= Beginning of Section =

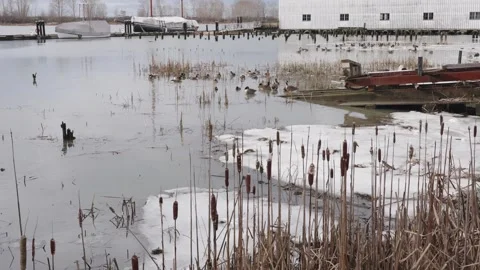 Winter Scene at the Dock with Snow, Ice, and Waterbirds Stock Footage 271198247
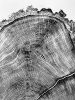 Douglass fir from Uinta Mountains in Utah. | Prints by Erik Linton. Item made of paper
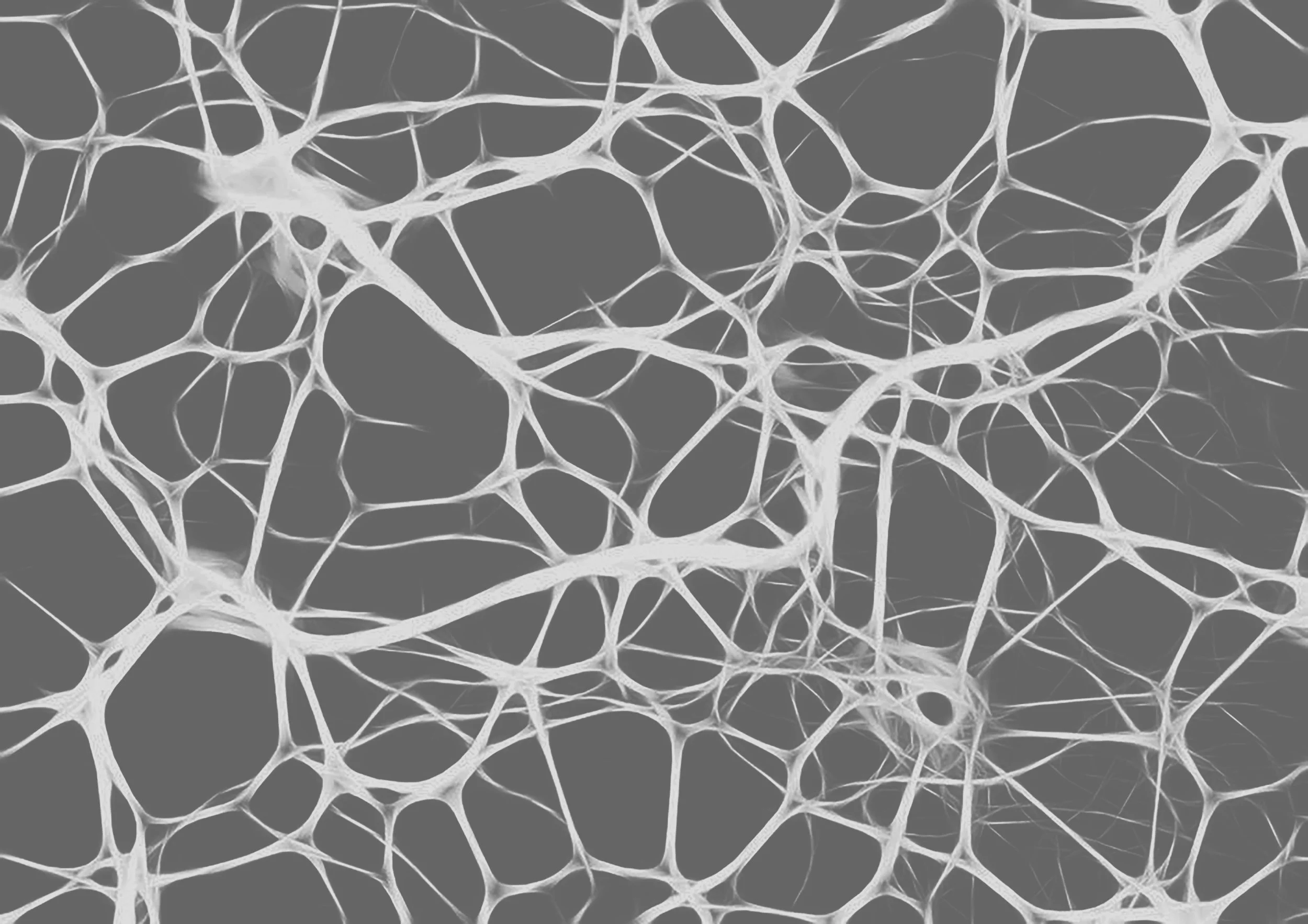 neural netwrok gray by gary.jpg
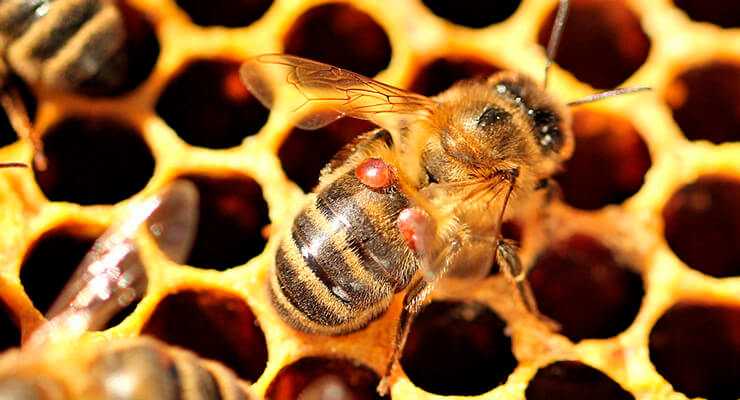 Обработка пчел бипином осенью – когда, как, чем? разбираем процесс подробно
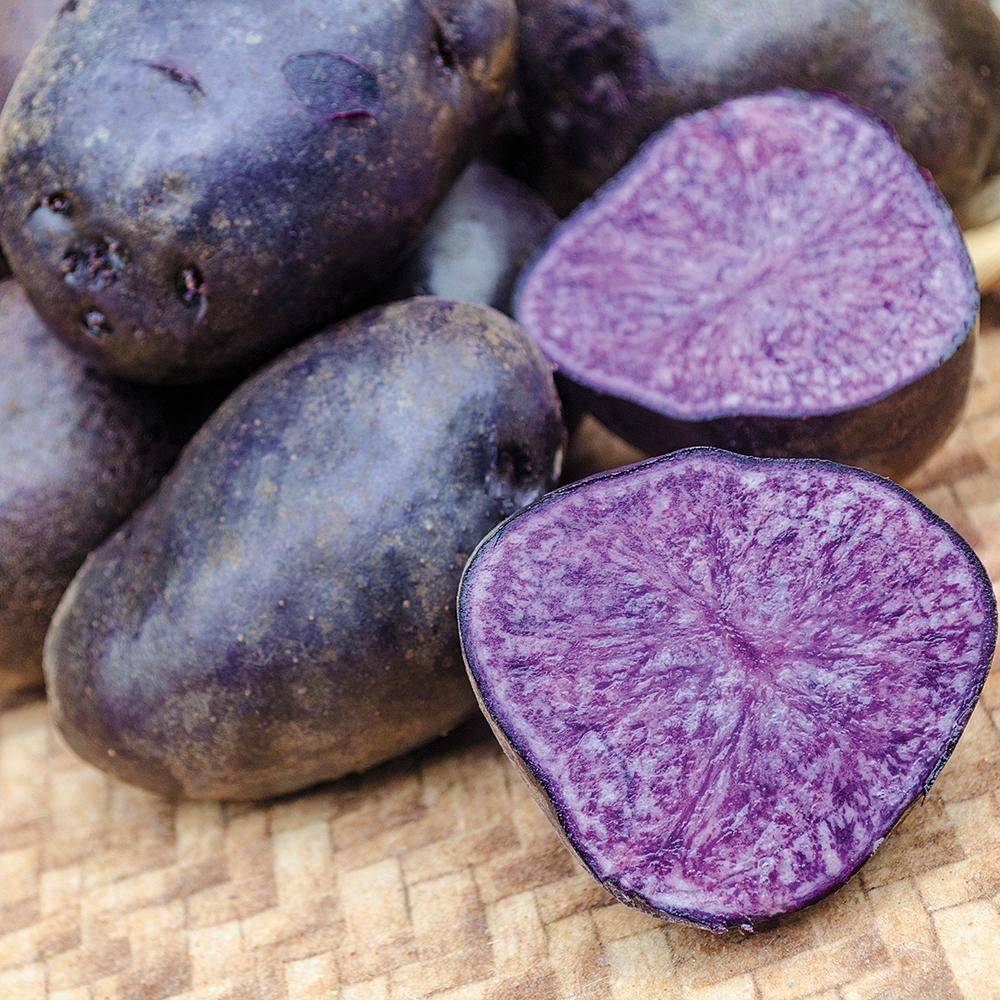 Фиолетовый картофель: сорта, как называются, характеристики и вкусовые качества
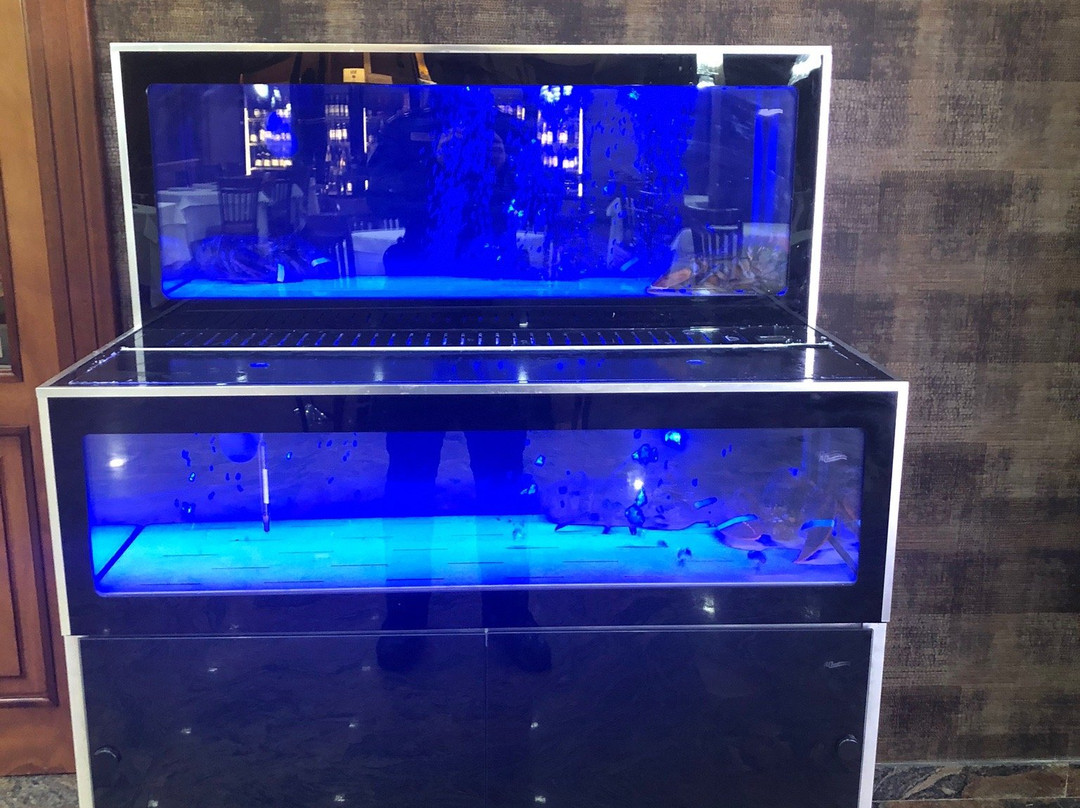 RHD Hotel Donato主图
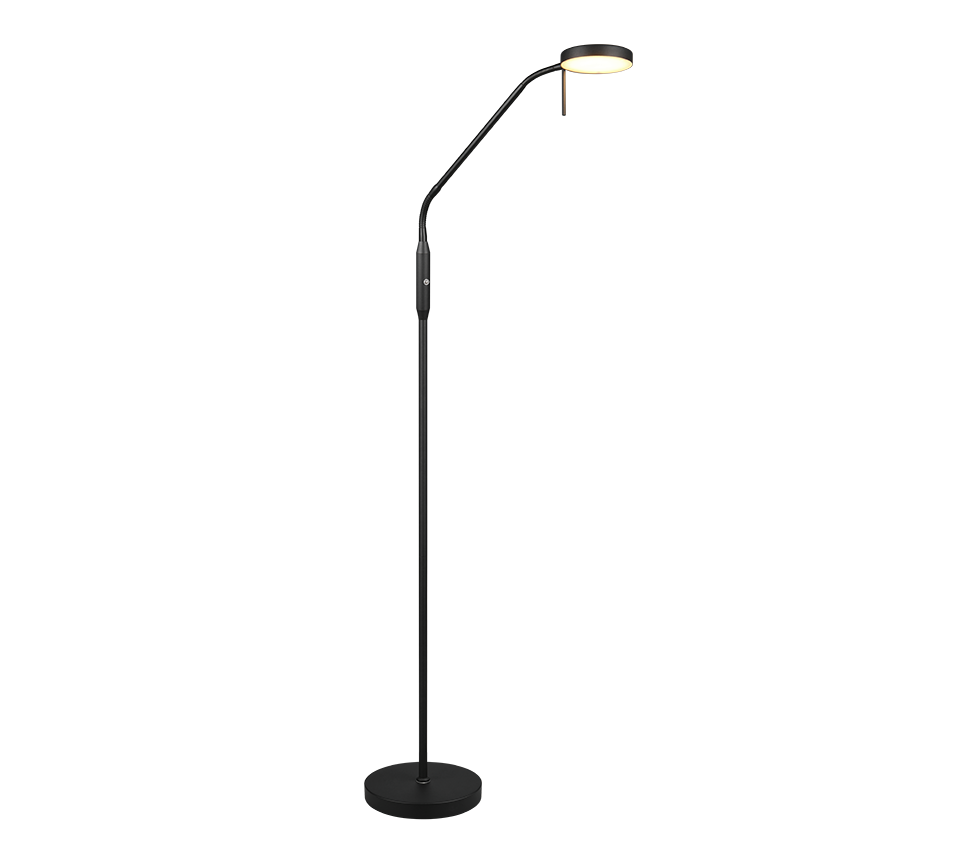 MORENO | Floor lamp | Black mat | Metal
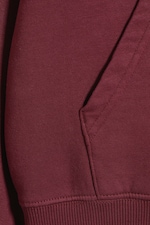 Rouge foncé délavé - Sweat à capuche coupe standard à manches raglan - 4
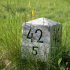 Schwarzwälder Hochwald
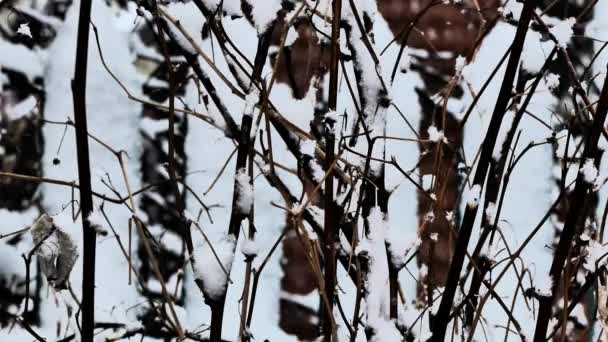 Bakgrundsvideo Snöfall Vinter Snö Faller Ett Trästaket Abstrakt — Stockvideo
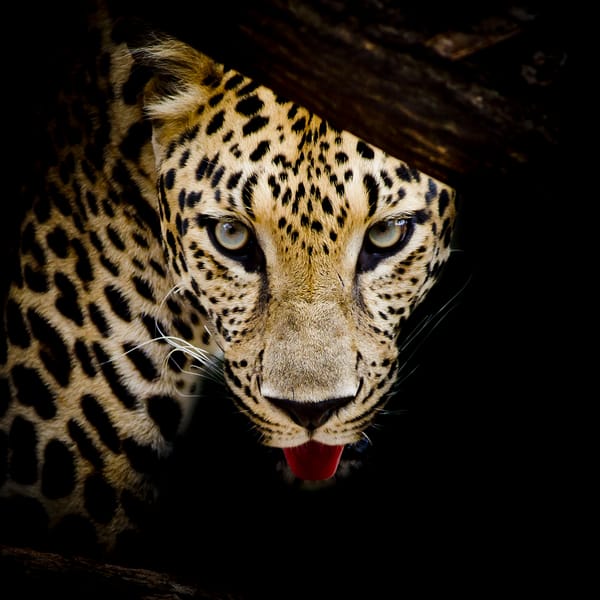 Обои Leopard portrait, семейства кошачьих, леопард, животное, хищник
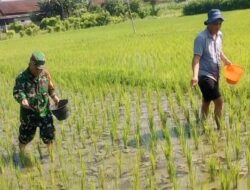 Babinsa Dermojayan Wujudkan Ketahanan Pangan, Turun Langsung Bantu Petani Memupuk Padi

= End of Section =

Your task is to repeat the entries above exactly, omitting the pictures.

 Winter Scene at the Dock with Snow, Ice, and Waterbirds Stock Footage 271198247
 Douglass fir from Uinta Mountains in Utah. | Prints by Erik Linton. Item made of paper
 neural netwrok gray by gary.jpg
 Обработка пчел бипином осенью – когда, как, чем? разбираем процесс подробно
 Фиолетовый картофель: сорта, как называются, характеристики и вкусовые качества
 RHD Hotel Donato主图
 MORENO | Floor lamp | Black mat | Metal
 Rouge foncé délavé - Sweat à capuche coupe standard à manches raglan - 4
 Schwarzwälder Hochwald
 Bakgrundsvideo Snöfall Vinter Snö Faller Ett Trästaket Abstrakt — Stockvideo
 Обои Leopard portrait, семейства кошачьих, леопард, животное, хищник
 Babinsa Dermojayan Wujudkan Ketahanan Pangan, Turun Langsung Bantu Petani Memupuk Padi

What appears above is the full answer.